** Available records follows **
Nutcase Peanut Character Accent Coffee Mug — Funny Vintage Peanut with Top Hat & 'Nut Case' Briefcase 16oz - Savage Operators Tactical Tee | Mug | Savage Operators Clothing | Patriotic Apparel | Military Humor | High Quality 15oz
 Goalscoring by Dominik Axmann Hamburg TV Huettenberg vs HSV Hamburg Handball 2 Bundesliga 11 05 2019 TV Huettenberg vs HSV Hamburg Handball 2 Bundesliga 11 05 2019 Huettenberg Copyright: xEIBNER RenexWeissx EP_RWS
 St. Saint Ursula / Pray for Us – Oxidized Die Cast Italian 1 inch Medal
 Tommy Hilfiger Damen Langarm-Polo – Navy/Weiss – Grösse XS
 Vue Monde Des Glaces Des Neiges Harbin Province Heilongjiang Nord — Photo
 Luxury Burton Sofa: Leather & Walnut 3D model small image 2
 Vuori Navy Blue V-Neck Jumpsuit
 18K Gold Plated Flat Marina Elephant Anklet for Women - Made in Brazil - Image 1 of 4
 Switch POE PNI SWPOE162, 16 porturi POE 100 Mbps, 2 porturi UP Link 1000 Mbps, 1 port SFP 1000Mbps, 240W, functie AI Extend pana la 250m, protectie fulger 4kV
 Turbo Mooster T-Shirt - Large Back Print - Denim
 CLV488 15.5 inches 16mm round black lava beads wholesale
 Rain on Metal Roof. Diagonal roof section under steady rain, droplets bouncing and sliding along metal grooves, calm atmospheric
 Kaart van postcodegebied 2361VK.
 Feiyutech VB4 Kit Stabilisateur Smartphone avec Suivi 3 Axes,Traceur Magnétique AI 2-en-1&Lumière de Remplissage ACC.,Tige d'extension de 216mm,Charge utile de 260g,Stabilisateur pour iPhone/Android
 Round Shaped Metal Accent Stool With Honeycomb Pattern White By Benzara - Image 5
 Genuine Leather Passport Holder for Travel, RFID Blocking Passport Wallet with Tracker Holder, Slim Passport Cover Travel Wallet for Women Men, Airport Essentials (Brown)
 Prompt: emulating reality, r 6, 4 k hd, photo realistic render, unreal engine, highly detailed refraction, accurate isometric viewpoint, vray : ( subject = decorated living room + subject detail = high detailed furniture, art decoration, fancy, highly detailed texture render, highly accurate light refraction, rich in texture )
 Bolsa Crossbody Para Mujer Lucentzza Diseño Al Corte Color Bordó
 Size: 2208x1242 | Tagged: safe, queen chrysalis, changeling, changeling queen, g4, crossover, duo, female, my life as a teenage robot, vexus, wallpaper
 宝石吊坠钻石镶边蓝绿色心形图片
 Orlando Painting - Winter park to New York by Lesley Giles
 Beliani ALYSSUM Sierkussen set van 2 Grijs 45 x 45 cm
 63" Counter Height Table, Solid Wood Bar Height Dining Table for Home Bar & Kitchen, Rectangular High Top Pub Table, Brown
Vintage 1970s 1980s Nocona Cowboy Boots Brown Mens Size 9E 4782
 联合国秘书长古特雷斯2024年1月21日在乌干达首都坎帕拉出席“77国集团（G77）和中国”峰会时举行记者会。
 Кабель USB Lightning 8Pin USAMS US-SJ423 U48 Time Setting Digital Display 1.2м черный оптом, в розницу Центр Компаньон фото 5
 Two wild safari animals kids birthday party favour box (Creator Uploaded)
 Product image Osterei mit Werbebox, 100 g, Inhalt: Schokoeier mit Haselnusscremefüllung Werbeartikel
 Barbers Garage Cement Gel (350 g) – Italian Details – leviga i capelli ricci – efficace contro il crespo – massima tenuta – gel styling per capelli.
** End of Available records **
Please give back only the lines starting with the one that contains "Кабель USB Lightning" and ending with the last line of the listing, retyped exactly.

◆ Answer to this task ◆
 Кабель USB Lightning 8Pin USAMS US-SJ423 U48 Time Setting Digital Display 1.2м черный оптом, в розницу Центр Компаньон фото 5
 Two wild safari animals kids birthday party favour box (Creator Uploaded)
 Product image Osterei mit Werbebox, 100 g, Inhalt: Schokoeier mit Haselnusscremefüllung Werbeartikel
 Barbers Garage Cement Gel (350 g) – Italian Details – leviga i capelli ricci – efficace contro il crespo – massima tenuta – gel styling per capelli.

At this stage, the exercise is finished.